Work item:
When copying the data below, keep only the lines from the one with "Goose with black" through the one with "Pennington Gap, Virginia, United States", word for word, and skip the pictures.

Data supplied:
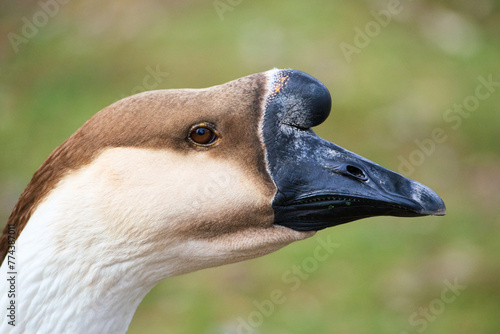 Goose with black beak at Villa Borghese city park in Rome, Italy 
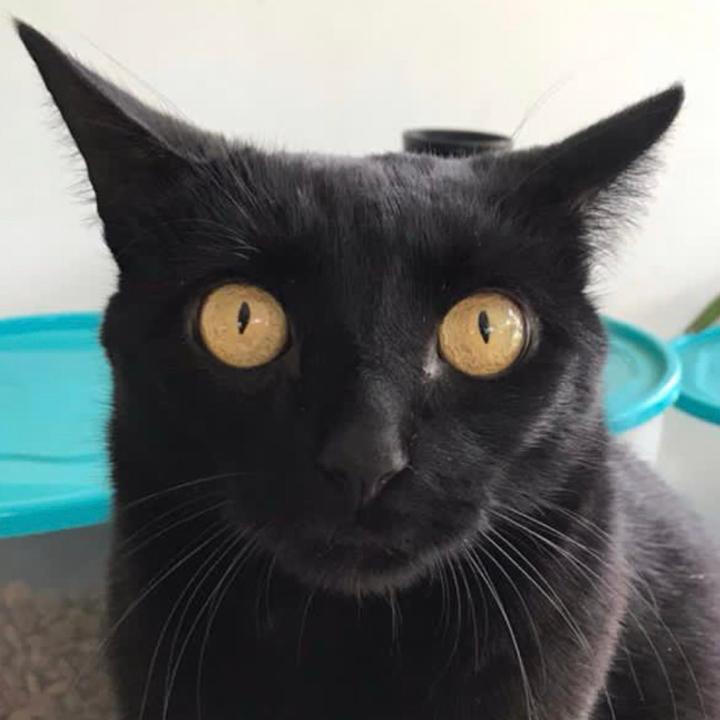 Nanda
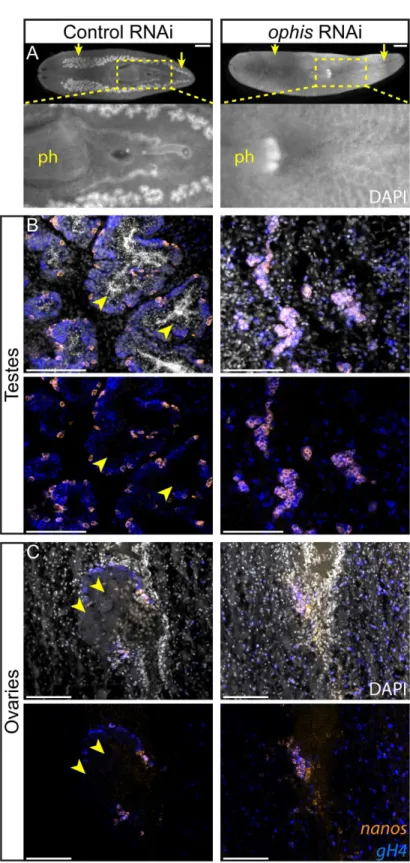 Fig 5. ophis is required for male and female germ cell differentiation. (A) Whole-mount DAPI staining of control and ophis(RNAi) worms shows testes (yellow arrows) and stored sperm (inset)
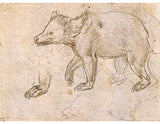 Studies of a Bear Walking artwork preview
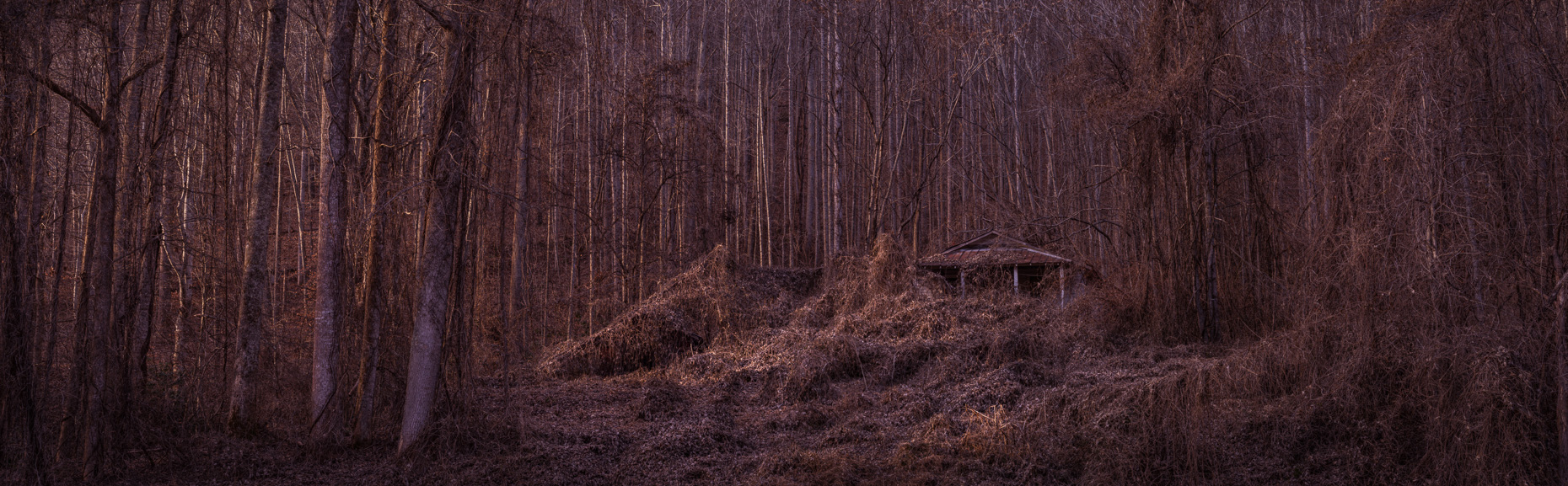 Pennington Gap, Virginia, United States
...
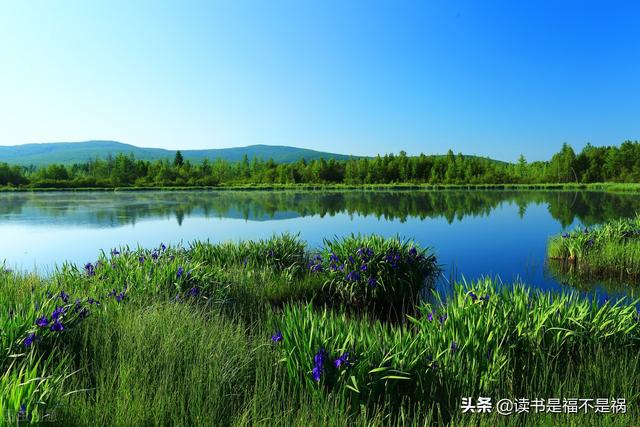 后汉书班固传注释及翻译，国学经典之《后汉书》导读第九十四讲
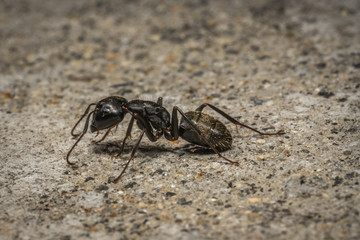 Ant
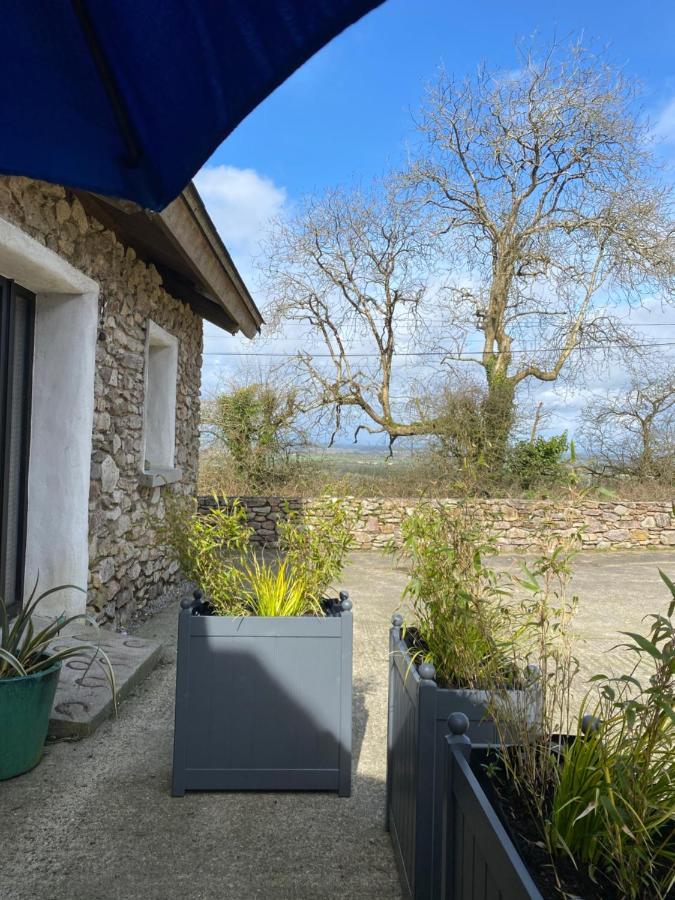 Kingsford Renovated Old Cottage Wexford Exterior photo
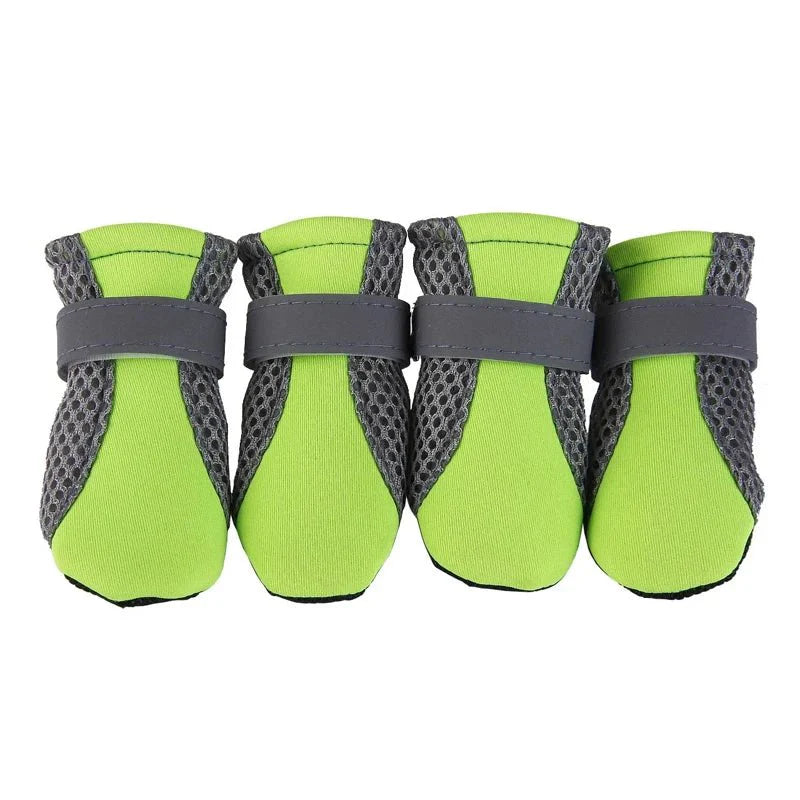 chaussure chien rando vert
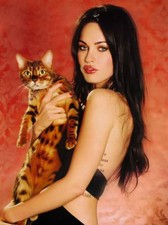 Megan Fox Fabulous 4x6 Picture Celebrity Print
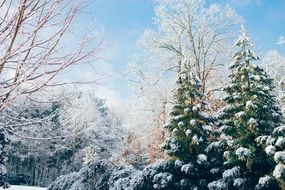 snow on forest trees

The answer:
 Goose with black beak at Villa Borghese city park in Rome, Italy 
 Nanda
 Fig 5. ophis is required for male and female germ cell differentiation. (A) Whole-mount DAPI staining of control and ophis(RNAi) worms shows testes (yellow arrows) and stored sperm (inset)
 Studies of a Bear Walking artwork preview
 Pennington Gap, Virginia, United States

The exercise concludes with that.